STRUCTURAL STUDIES OF GLYCOLIPID-REACTIVE T CELLS AND ANTIBODIES

糖脂反应性 T 细胞和抗体的结构研究

• 批准号: 7954410
• 负责人: Dirk M Zajonc
• 金额: $ 0.12万
• 依托单位: STANFORD UNIVERSITY
• 依托单位国家: 美国
• 财政年份: 2009
• 资助国家: 美国
• 起止时间: 2009-03-01 至 2010-02-28
• 项目状态: 已结题
• 来源: https://reporter.nih.gov/project-details/7954410
• 关键词: Adjuvant; Agonist; Animal Model; Antibodies; Antigen Presentation; Antigens; B-Lymphocytes; Borrelia burgdorferi; Cells; Complex; Computer Retrieval of Information on Scientific Projects Database; Development; Epitopes; Family; Funding; Glycolipids; Grant; Hand; Immune; Immune system; Institutes; Institution; Lipid Binding; Lipids; Lyme Disease; Multiple Sclerosis; Mus; Patients; Research; Research Personnel; Resources; Source; T-Lymphocyte; United States National Institutes of Health; Work; base; chemotherapeutic agent; immune function; structural biology; synchrotron radiation

This subproject is one of many research subprojects utilizing the resources provided by a Center grant funded by NIH/NCRR. The subproject and investigator (PI) may have received primary funding from another NIH source, and thus could be represented in other CRISP entries. The institution listed is for the Center, which is not necessarily the institution for the investigator. The CD1 family of antigen presenting molecules presents a wide variety of glycolipid antigens to lipid-specific T cells, resulting in their activation and expansion, necessary to carry out various immune functions including the activation of other immune cells. Structural studies of various CD1-lipid-TCR complexes will greatly enhance our understanding of glycolipid antigen presentation and recognition in the immune system. The gained structural results can potentially be used for the development of lipid based chemotherapeutic agents or adjuvants to target various immune conditions, such as Multiple Sclerosis (MS) or lyme disease. The immunomodulatory functions of these compounds can be assessed using animal models in our institute. In that regard we are working on one hand with T cells that are enriched in MS patients and on the other hand we have already crystallized mouse CD1d with a potential T cell agonist from Borrelia burgdorferi, the causative agent of Lyme disease. Furthermore we have obtained antibodies, which can discriminate between different CD1d-bound lipids. A ternary complex between CD1d-lipid-Fab will provide a detailed comparison of the recognition and interaction with specific glycolipid epitopes between T cells and B cells.
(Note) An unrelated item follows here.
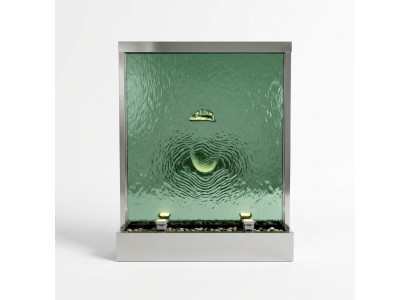 Vesiseinä Vesipylväs Vesiputous Led Jakoseinä Luksusmuotoilu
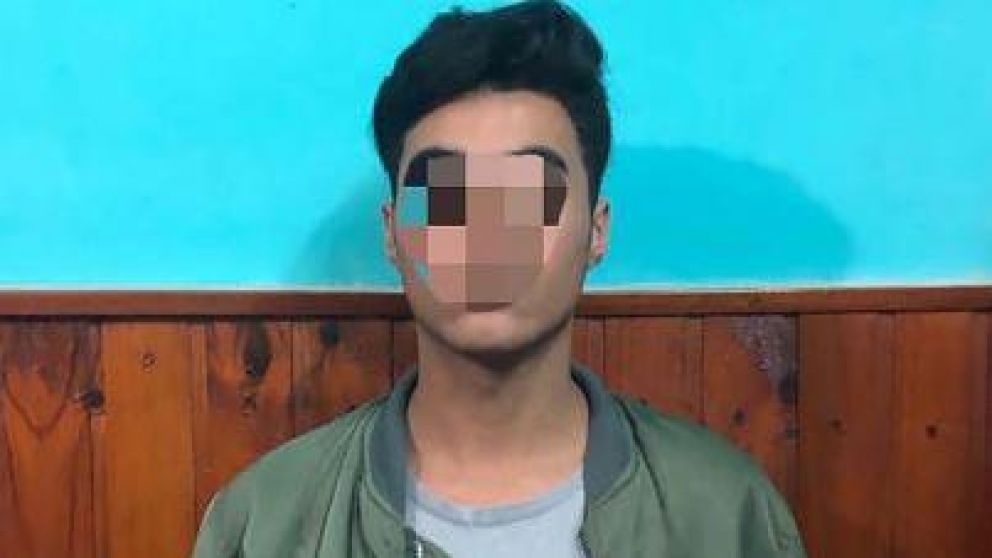 Céspedes se entregó junto a su novio pero antes grabó un video.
该子项目是利用该技术的众多研究子项目之一 资源由 NIH/NCRR 资助的中心拨款提供。子项目和 研究者 (PI) 可能已从 NIH 的另一个来源获得主要资金， 因此可以在其他 CRISP 条目中表示。列出的机构是 对于中心来说，它不一定是研究者的机构。 CD1 抗原呈递分子家族向脂质特异性 T 细胞呈递多种糖脂抗原，导致其激活和扩增，这是执行各种免疫功能（包括激活其他免疫细胞）所必需的。各种 CD1-脂质-TCR 复合物的结构研究将极大地增强我们对免疫系统中糖脂抗原呈递和识别的理解。所获得的结构结果可用于开发基于脂质的化疗剂或佐剂，以针对多种免疫疾病，例如多发性硬化症（MS）或莱姆病。这些化合物的免疫调节功能可以使用我们研究所的动物模型进行评估。在这方面，我们一方面正在研究多发性硬化症患者体内富集的 T 细胞，另一方面，我们已经用来自伯氏疏螺旋体（莱姆病的病原体）的潜在 T 细胞激动剂结晶了小鼠 CD1d。此外，我们还获得了可以区分不同 CD1d 结合脂质的抗体。 CD1d-lipid-Fab 之间的三元复合物将提供 T 细胞和 B 细胞之间与特定糖脂表位的识别和相互作用的详细比较。